On December 30, 2019, the Eighth District Court of Clark County, Nevada granted the Application for Appointment of Custodian, to Custodian Ventures LLC. Mr. David Lazar (“Mr. Lazar”), on behalf of the Custodian Ventures LLC, was awarded with custodianship and appointed as sole officer and director due to the Company’s ineffective board of directors, revocation of corporate charter, and abandonment of business. On January 7, 2020, Mr. Lazar announced the Court Order and the Change in Principal Officer through Form 8-K filing. The filing also mentioned the change of Company’s name from “Sino Green Land Corporation” to “Go Silver Toprich, Inc.”. On June 10, 2020, a settlement agreement was entered between the Company, Custodian Ventures, LLC, and Mr. Lazar. Pursuant to the agreement, Custodian Ventures LLC shall dismiss its custodianship, and the Company shall resume its business operations, and each party shall provide each other mutual release. In consideration of the release, the Company was required to pay Custodian Ventures LLC $15,000 towards its costs and expenses as the settlement to dismiss its custodianship with the Court. On July 2, 2020, the custodianship was discharged by the Court and Mr. Lazar resigned as sole officer and director of the Company. The former officer, Mr. Luo Xiong (“Mr. Luo”) was re-appointed as Chief Executive Officer and director of the Company.
Since July 2, 2020, along with the resumption of the Company’s business operations, Ms. Wo Kuk Ching (“Ms. Wo”), spouse of Mr. Luo has served as President and director of the Company, Ms. Wong Ching Wing (“Elise”), daughter of Ms. Wo has served as Chief Financial Officer, Treasurer and director of the Company, and Ms. Wong Erin (“Erin”), another daughter of Ms. Wo has served as Secretary of the Company, respectively. On August 31, 2020, the Company changed its name from “Go Silver Toprich, Inc.” back to “Sino Green Land Corporation”.
On December 2, 2021, Mr. Luo submitted his resignation as Chief Executive Officer and director of the Company to the board of directors effective June 30, 2021.
Effective from June 30, 2021, Ms. Wo serves as Chief Executive Officer, and currently holds the positions of Chief Executive Officer, President, and director of the Company, respectively.
On June 30, 2023, Sunshine Green Land Corp. (“SGL”) acquired 100% interest in Tian Li Eco Holdings Sdn. Bhd (“Tian Li”).

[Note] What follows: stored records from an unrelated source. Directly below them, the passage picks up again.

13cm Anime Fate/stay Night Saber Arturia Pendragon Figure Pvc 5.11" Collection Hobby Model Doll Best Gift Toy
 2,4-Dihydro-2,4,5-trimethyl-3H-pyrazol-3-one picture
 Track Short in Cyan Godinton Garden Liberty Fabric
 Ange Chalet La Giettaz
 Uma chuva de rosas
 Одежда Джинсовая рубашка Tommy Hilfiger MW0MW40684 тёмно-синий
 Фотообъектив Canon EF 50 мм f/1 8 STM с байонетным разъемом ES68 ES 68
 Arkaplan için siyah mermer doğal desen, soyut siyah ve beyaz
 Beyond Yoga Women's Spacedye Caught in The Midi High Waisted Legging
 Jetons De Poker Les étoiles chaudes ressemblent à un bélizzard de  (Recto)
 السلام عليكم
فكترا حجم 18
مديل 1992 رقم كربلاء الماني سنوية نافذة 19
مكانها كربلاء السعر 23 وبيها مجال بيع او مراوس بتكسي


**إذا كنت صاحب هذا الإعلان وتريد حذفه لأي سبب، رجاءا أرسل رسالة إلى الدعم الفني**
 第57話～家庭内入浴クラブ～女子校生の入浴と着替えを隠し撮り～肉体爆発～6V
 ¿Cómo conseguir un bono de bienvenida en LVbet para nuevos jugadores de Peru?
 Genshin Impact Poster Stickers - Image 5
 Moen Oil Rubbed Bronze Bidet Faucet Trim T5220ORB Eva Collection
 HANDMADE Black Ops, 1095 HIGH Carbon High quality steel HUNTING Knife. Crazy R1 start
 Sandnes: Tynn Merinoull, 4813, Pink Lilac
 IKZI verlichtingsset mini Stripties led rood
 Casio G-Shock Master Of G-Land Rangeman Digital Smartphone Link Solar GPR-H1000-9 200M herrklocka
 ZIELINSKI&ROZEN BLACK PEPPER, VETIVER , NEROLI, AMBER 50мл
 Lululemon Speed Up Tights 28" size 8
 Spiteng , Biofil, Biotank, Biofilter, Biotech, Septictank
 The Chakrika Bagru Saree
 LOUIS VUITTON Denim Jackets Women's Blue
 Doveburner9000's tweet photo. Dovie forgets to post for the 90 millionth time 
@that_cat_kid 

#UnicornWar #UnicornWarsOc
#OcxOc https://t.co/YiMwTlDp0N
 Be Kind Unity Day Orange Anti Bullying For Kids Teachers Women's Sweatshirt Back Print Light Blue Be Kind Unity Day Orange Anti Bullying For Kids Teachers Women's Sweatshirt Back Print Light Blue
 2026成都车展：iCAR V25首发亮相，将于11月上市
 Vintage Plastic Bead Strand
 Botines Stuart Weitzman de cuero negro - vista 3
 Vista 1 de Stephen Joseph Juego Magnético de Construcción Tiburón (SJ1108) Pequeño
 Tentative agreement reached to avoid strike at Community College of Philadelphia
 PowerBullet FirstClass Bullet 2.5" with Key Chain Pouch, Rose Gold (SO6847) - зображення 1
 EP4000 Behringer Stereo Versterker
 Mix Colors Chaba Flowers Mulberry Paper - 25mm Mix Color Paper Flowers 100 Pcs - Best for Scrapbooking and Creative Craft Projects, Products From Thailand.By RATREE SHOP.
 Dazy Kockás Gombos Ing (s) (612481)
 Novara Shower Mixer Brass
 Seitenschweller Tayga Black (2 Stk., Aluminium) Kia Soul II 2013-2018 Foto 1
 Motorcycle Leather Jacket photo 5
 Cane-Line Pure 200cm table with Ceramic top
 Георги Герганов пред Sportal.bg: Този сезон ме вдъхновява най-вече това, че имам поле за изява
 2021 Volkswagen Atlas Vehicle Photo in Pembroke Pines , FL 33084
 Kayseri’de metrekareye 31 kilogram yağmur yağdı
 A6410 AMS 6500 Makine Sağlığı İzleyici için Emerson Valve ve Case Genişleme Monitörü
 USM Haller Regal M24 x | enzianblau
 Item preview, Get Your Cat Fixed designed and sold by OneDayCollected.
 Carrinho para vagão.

On October 1, 2023, SGLA acquired SGL and all of the outstanding shares of SGL’s common stock were exchanged for shares of common stock of SGLA and shares of preferred stock of SGLA. As SGLA and SGL were under common control at the time of the share exchange, the transaction is accounted for as a combination of entities under common control in a manner similar to the pooling-of-interests method of accounting.
Going concern
As reported in the accompanying consolidated financial statements, the Company incurred a net loss in the amount of $1,808,994 and net operating cash outflow in the amount of $845,971 during the year ended June 30, 2025 and had an accumulated losses of $4,700,553 and the stockholder deficit of $2,394,659 as of June 30, 2025.
Management of the Company has evaluated the sufficiency of additional capital resources. Management’s plan is to obtain such resources by seeking debt financing and/or third-party equity sufficient to meet its minimal operating expenses. Besides, management has taken immediate and significant mitigating actions to reduce costs and optimize the Company’s cash flow and liquidity. Measures includes reducing expenditure through deferring or canceling discretionary spend, freezing non-essential recruitment and securing new round of equity financing to replenish working capital. The Company has also acquired the financial support letter from Empower International Trading Sdn. Bhd., the holding company of the Company, who has expressed the willingness and intention to provide the necessary financial support to the Company. However, there is uncertainty as to whether these plans will be effectively implemented or yield sufficient results.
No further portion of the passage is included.